Excelで集計表を作成する際に、グループ別に小計をとって、最後に総合計を求めたい、という時がありますね。
小計にSUM関数を使って、総合計には小計のセルを足し算する数式を使う、という方が多いと思います。
SUBTOTAL関数を使えば、もっとスマートに小計と総合計の計算ができます。
SUBTOTAL関数の最大の特徴は、SUBTOTAL関数の範囲内にSUBTOTAL関数で求めた値のセルが含まれるときは、それを無視して計算してくれることです。
つまり、SUBTOTAL関数でそれぞれの小計を求め、さらに合計も集計範囲を全体にしてSUBTOTAL関数で求めれば良いことになり、合計を求めるためにいちいち小計のセルを指定して足し算をする必要がありません。小計を求めるグループが増えたり、減ったりしても、合計を求める式を書き換えなくて済み、便利です。
【便利知識】
SUBTOTAL関数が無視するのはSUBTOTAL関数で集計されているセルのみです。SUM関数など別の関数で集計しているセルは無視してくれません。
つまり、SUBTOTAL関数を使うのであれば、すべての集計についてSUBTOTAL関数を使わなければなりません。さもないと集計が正しく行われないおそれがあります。
SUBTOTAL関数は小計を求めることができる関数ですが、集計方法の指定で平均やカウント、最大値、最小値なども計算できます。
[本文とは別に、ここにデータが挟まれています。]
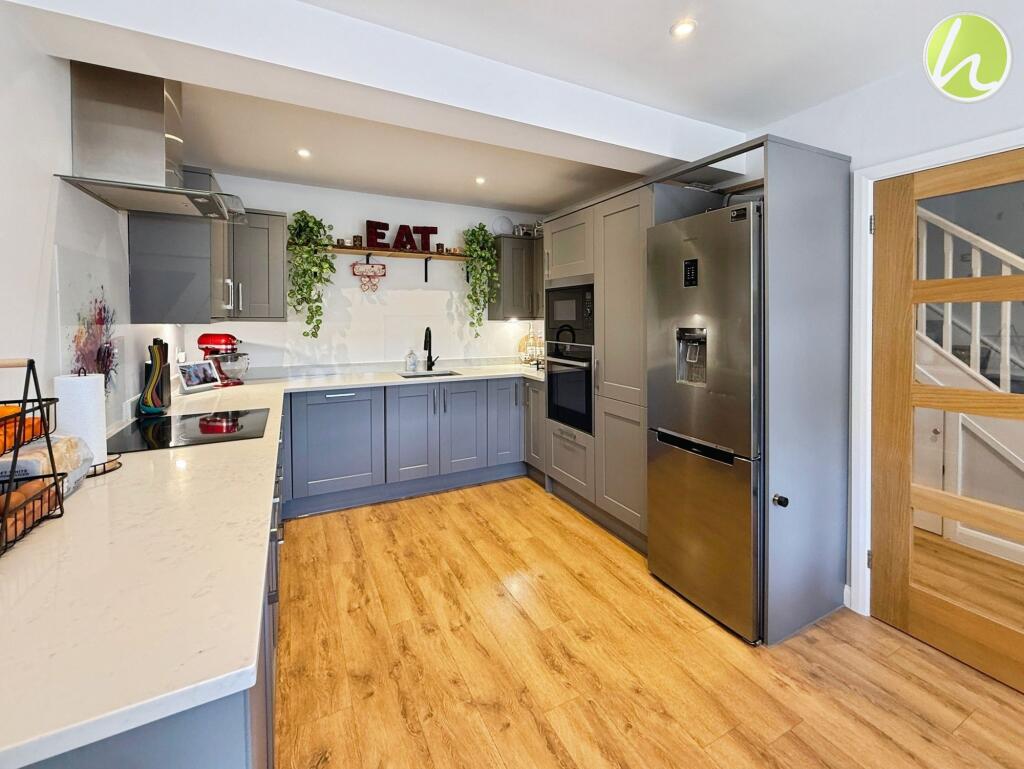 Kitchen/ Dining Room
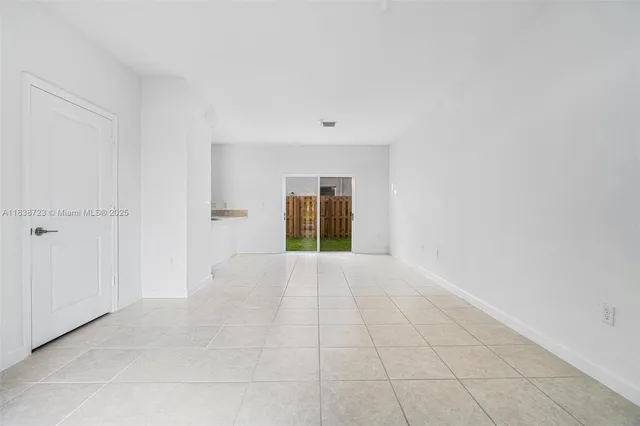 $2,650 | 2649 Southeast 13th Street, Unit 2649, Homestead, FL 33035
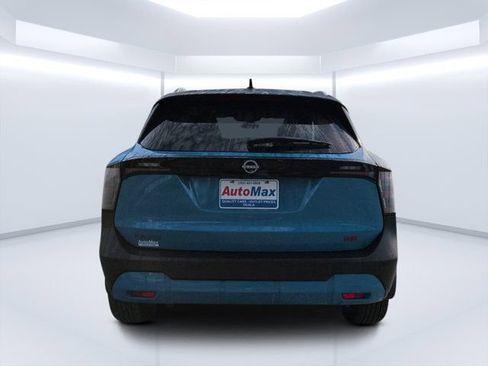 Used 2025 Nissan Kicks SR FWD image 4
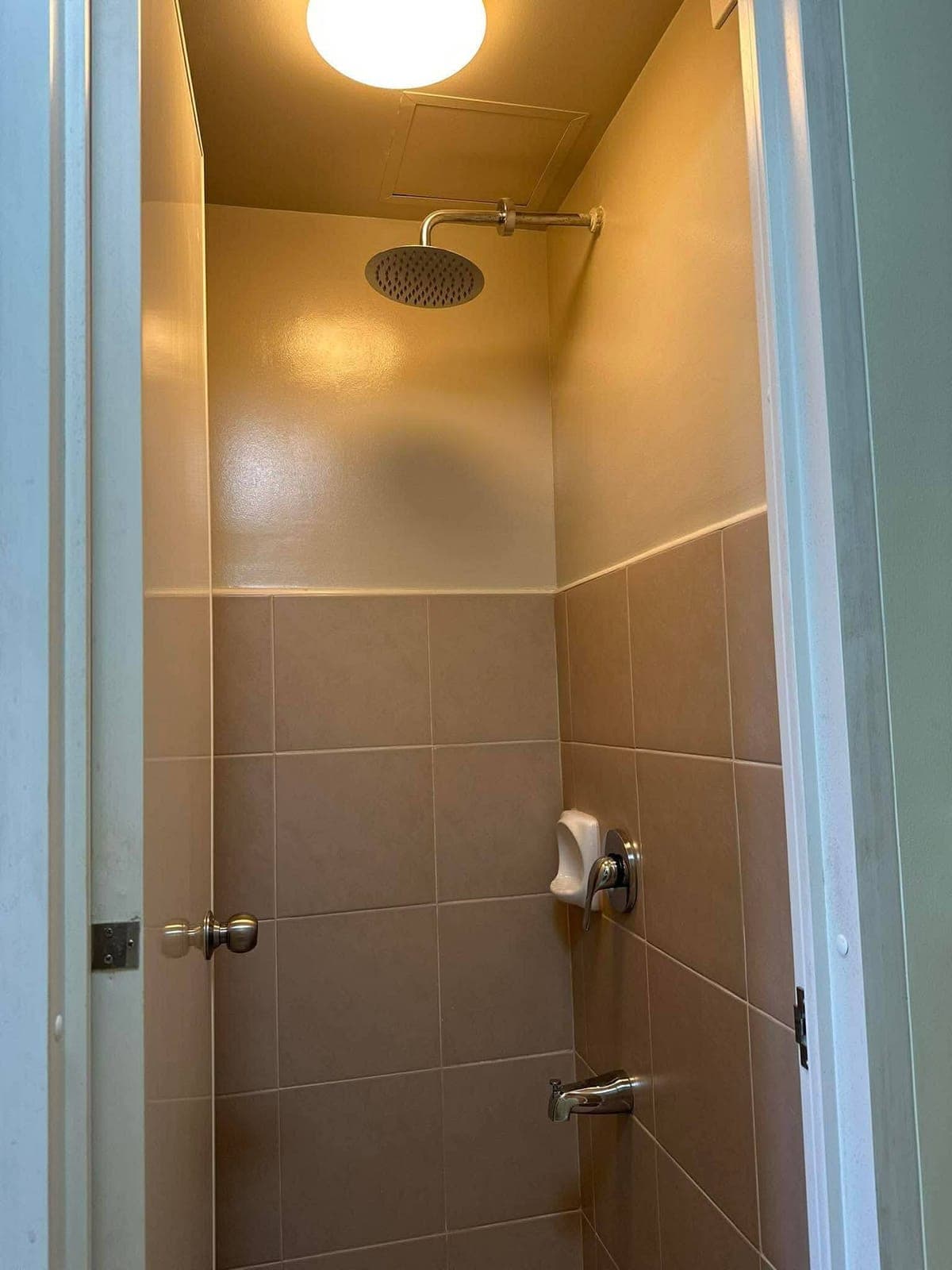 Rush Condo Fo Rent 2BR with Balcony for Rent – Avida Towers Sola - photo 3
SUBTOTAL関数の書式 =SUBTOTAL(集計方法,範囲)
集計方法は、1~11、あるいは101~111の数字で指定します。
101以降はExcel2003以降に追加されたもので、「非表示のセル」の値を集計に含めないというものです。
SUBTOTAL関数は、ほとんどが小計を含んだ集計表で使われています。つまり、集計方法は圧倒的に「9」(または「109」)が指定されています。
非表示セルを 集計に含める |
非表示セルを 集計に含めない |
対応する関数 | 意味 | |
1 | 101 | AVERAGE | 平均値 | |
2 | 102 | COUNT | 数値データの個数 | |
3 | 103 | COUNTA | データの個数 | |
4 | 104 | MAX | 最大値 | |
5 | 105 | MIN | 最小値 | |
6 | 106 | PRODUCT | 積算(掛け算)値 | |
7 | 107 | STDEV | 不偏標準偏差値 | |
8 | 108 | STDEVP | 標本標準偏差値 | |
9 | 109 | SUM | 合計値 | |
10 | 110 | VAR | 不偏分散値 | |
11 | 111 | VARP | 標本分散値 |
【便利知識】
SUBTOTAL関数と類似のものにAGGREGATE関数があります。AGGREGATE関数は、SUBTOTAL関数の機能を強化した関数で、Excel2010から導入されたものです。
「集計方法」の種類がSUBTOTAL関数よりも多いこと、エラー値が表示されたセルや非表示のセルの扱いを「オプション」指定できるなど進化していますが、引数が増えてより複雑化しました。通常はSUBTOTAL関数で十分と思います。
【便利知識】
SUBTOTAL関数のもうひとつの特徴は、「オートフィルタ」機能を使ってデータが絞り込まれている時は、絞り込まれたデータのみを対象として集計してくれるという点です。
SUM関数では、オートフィルタで非表示になった範囲内のセルも集計してしまいますが、SUBTOTAL関数を使えば、フィルタを変えて表示が切り替わるごとに、表示されたデータのみを集計対象として再計算してくれます。
【便利知識】
また、A列に番号表示させるために、例えば、A2セルに「=SUBTOTAL(3,$C$2:C2)」と入力し、データの最後の行までフィルハンドルをドラッグしてコピーしておけば、オートフィルタで表示されたデータのみを対象として、1から順に番号が表示されます。
集計方法の3は、COUNTA(データの個数)の意味です。
上記の操作で、例えばA5のセルには「=SUBTOTAL(3,$C$2:C5)」がセットされていますので、C2~C4にすべて何らかのデータがあれば、4が表示されることになります。